Circuit board manufacturing relies on fast IPC control

DP patterning provides flexible conductive pattern technology by leveraging PC-based control, EtherCAT, and artificial intelligence (AI) to meet high-precision machining requirements.

By Håkan Brandt September 10, 2022
Figure 1: High-performance drive technology and highly time-synchronized process sequences are required for milling fine conductive patterns out of flexible circuit boards. Courtesy: Beckhoff

 

Learning Objectives

  • Dry phase patterning (DPP) enables production of conductive structures on flexible materials using EtherCAT and PC-based control.
  • DP Patterning is using these technologies and concepts to create printed circuit boards (PCBs) in a mechanical process.
  • With this technology, operators can now control the material removal directly via an integrated HMI software.

PC-Based Control Insights

  • PC-based control and EtherCAT, a type of industrial Ethernet, are designed to help produce items economically as well as precisely.
  • DP Patterning is using these technologies to create printed circuit boards (PCBs) in a mechanical process. Automation such as PC-based control is helping. Artificial intelligence (AI) software may optimize next-generation machine vision.

Printed circuit boards (PCBs) — solid and flexible — are mostly produced by etching. However, the Swedish company DP Patterning has developed a different approach integrating industrial Ethernet, servo drives, human-machine interfaces (HMIs), input/outputs (I/Os), image processing seamlessly, and PC-based software and controllers. Using a patented process, the conductive structures are worked out of flexible circuit boards in a mechanical process. Equal measures of accuracy and speed are needed to achieve this precisely and economically. PC-based control and EtherCAT are the optimal control technologies to accomplish this.

beckhoff pattering figure 1

Figure 1: High-performance drive technology and highly time-synchronized process sequences are required for milling fine conductive patterns out of flexible circuit boards. Courtesy: Beckhoff

DP Patterning was founded by Staffan Nordlinder in 2006 in Norrköping, Sweden. The company has been researching and developing the manufacturing technology known by the same name – dry phase patterning (DPP) – for flexible circuit boards on a continuous basis ever since. The innovation phase began in 2001 when Nordlinder worked as a scientist at the Research Institutes of Sweden (RISE). This has led to intensive collaboration and continuing DPP technology research.
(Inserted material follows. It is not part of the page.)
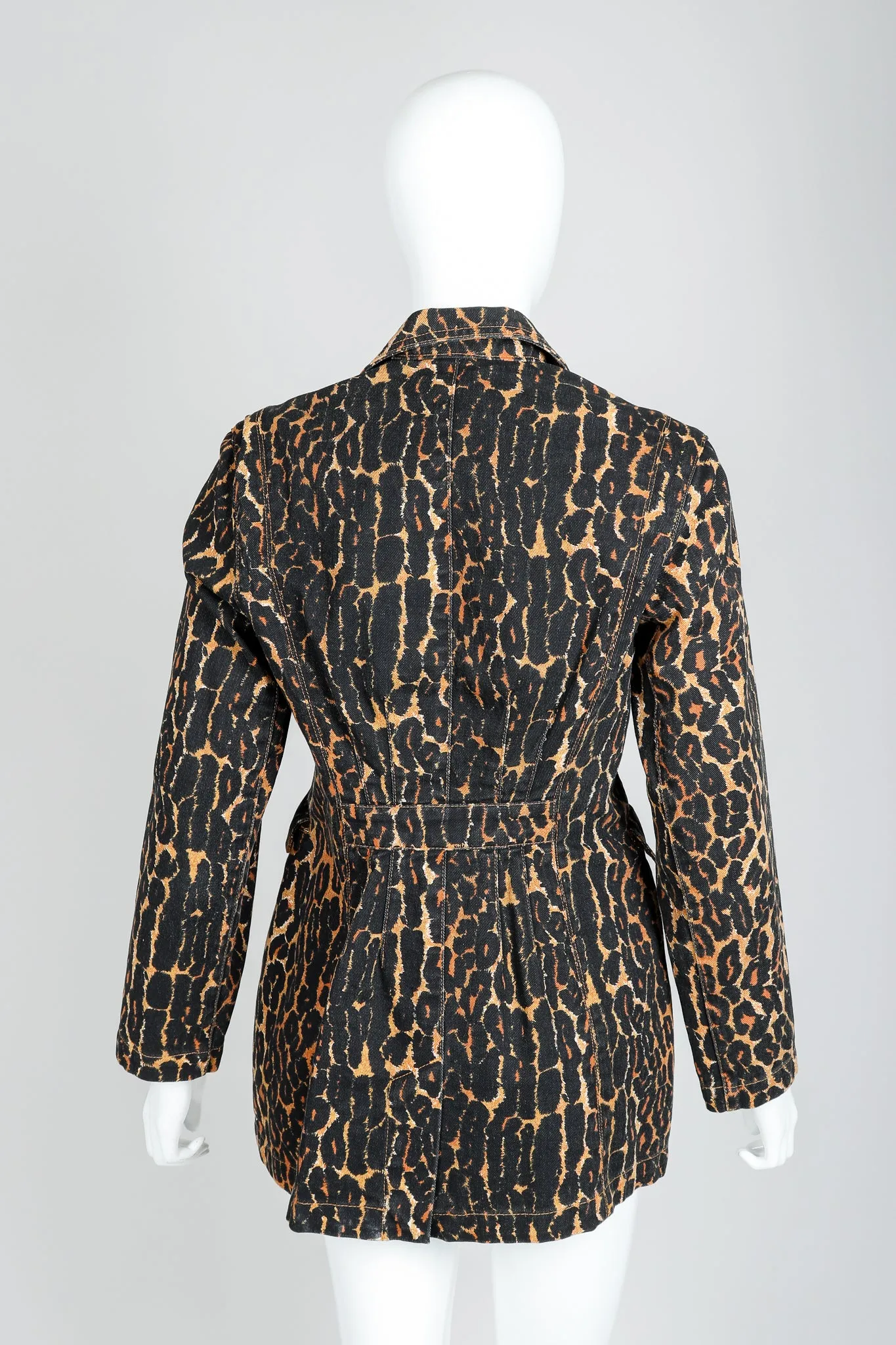 Leopard Print Denim Jacket & Jean Set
DPP enables production of conductive structures on flexible materials. The functional principle is as simple as punching a hole in a piece of paper or the classic embossing technique. A rotating die with the negative pattern of the eventual finished structure presses the carrier material against a rotating milling wheel. The carrier material is coated with an ultra-thin conductive top layer. The milling machine removes the upper layer mechanically. The lower carrier material remains untouched. This will leave the conductive pattern on the laminate — the flexible circuit board is then available in reel form.
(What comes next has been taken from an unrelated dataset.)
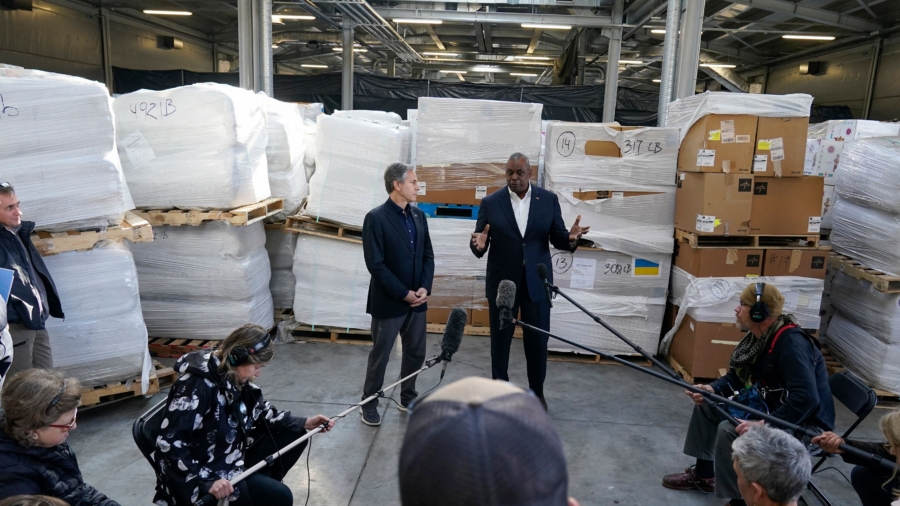 Blinken, Austin Hold News Conference With Japanese Counterparts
The process works with a variety of different carrier materials, including PET (polyethylene terephthalate), PC (polycarbonate), PI (polyimide) and PEN (polyethylene naphthalate). Al (aluminum), Cu (copper) or CCA (Copper Cladded Aluminum) is suitable as a top layer, depending on the thickness required. DPP can be used for non-electronic and non-conductive applications, too. These may include plastic or paper decorations or functional 3D structures such as microfluid channels or cavities for levelling out electronic components.

The patented process offers immediate benefits for electronic component manufacturers. These include increased cost efficiency, shorter lead times and environmentally friendliness, sustainable production without need for chemicals or hazardous substances. The metal chips also can be recycled. Not to mention the security aspects – integrating it into a company’s production processes means the manufacturer retains all the intellectual property. A special feature of DP Patterning’s machines: They can produce prototypes and large quantities on one line simultaneously. Long lead times and days of testing would make this difficult when using conventional methods.
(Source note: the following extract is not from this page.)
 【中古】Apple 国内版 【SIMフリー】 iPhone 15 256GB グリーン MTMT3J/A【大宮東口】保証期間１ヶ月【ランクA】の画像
Speed and precision through integrated automation technology

Due to the very thin base materials and material thicknesses to be removed in the single-digit µm range, the DPP process necessitates high-performance automation technology and the integration of as many components as possible into a continuous system. As a result, DP Patterning has been working with a PC-based automation technology vendor. A CPU was initially used in subsystems for communication with an external system. Since 2016, the company has been relying on fully integrated technology: servo drives, human-machine interfaces (HMIs), input/outputs (I/Os) and image processing integrated into PC-based control. With the user interface, the operator can now control the material removal directly via an integrated HMI software. This improves the level of user-friendliness while making the milling parameters easier to configure.

The metal layer on the foils is about 10 times thinner than a human hair, requiring extreme precision during processing, as well as adjustments in the range of 100 nm. “One of the biggest benefits of this vendor’s products is the impressive speed of the process cycles that we are able to realize,” said Jakob Sagatowski, software engineer at DP Patterning. “The results are impressive when we compare it to other control manufacturers. Our machines can mill approximately 0.5 mm patterns in 1 ms when running at full speed. This is equivalent to 0.5 m/s belt speed and significantly faster than is currently common in practice.”

The capturing and archiving of production data is another key requirement. “Our technology keeps on getting developed further, thus requiring tracking data – the more, the better,” said Nordlinder.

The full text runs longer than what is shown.